2 – Regulamentos contra legem: são regulamentos que destoam do conteúdo da lei e, portanto, são nulos de pleno direito. Evidentemente, um artigo de um regulamento pode encontrar-se nessa condição, o que não invalida sua parte válida.

3 – Regulamentos praeter legem: são os regulamentos autônomos, que inovam na ordem jurídica, conformando fatos da vida como se lei fossem. Geralmente é recusada sua possibilidade pela doutrina mais abalizada, porquanto autorizaria o Executivo a fazer as vezes de Legislativo em situações de ausência de lei.

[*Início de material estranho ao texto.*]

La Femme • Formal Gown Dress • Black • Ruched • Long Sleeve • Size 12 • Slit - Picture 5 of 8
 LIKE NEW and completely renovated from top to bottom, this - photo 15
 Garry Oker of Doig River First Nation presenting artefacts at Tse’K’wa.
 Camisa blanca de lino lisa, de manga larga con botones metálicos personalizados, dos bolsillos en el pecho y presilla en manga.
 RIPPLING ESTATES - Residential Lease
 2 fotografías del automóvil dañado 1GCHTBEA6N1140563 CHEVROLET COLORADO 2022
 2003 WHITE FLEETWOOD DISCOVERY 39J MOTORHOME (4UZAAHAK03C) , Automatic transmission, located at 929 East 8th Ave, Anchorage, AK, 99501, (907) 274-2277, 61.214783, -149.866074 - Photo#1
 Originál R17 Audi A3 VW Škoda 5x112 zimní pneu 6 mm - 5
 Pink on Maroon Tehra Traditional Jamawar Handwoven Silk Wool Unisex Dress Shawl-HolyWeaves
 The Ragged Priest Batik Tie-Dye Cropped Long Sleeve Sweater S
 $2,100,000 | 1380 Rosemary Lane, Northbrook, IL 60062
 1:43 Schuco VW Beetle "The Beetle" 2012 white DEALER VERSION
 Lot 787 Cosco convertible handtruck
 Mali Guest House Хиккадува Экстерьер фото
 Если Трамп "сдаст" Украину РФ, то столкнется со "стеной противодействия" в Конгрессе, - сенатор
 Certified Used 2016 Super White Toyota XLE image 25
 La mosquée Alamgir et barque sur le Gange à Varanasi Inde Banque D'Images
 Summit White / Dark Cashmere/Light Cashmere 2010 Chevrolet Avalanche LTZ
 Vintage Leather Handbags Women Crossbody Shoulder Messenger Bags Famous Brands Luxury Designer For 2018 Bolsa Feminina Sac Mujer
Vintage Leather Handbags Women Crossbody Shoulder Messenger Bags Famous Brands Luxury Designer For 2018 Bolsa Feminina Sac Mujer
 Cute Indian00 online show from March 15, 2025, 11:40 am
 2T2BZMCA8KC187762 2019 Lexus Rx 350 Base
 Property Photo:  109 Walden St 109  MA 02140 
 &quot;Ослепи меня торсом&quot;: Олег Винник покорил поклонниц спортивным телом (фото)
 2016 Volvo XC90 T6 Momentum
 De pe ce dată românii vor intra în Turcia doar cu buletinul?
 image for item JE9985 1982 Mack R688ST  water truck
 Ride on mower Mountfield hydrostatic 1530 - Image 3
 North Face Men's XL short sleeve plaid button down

4 – Regulamentos intra legem: são regulamentos por meio dos quais o Poder Legislativo, expressamente, prevê a possibilidade e autoriza a autoridade administrativa a expedir atos normativos tendentes a complementar seu conteúdo, diante da impossibilidade fática de previsão legislativa de todos os aspectos a serem disciplinados na lei de origem.

Com relação à última espécie, temos que a validade dos regulamentos expedidos pelas agências não se trata, como afirmam diversos autores, de produção normativa autônoma, a qual usurpa a competência do Poder Legislativo e subverte o princípio representativo e a separação dos poderes.

Trata-se de hipóteses em que o próprio Poder Legislativo reconhece e autoriza que determinadas matérias, uma vez observados os parâmetros definidos na respectiva lei de regência, possam ser minudenciadas e reguladas, mediante o preenchimento de seu conteúdo por meio do regulamento. A sua constitucionalidade é admitida pelo Supremo Tribunal Federal, desde que haja observância dos padrões – moldes, quadros – definidos em lei. O leading case, nessa matéria, adveio do julgamento quanto à validade do Decreto 612/92, ao tratar do Seguro de Acidente do Trabalho e complementar o conceito de atividade preponderante para fins de tributação, nos autos do RE 343.446-2/SC,(6) julgado em 20.03.2003.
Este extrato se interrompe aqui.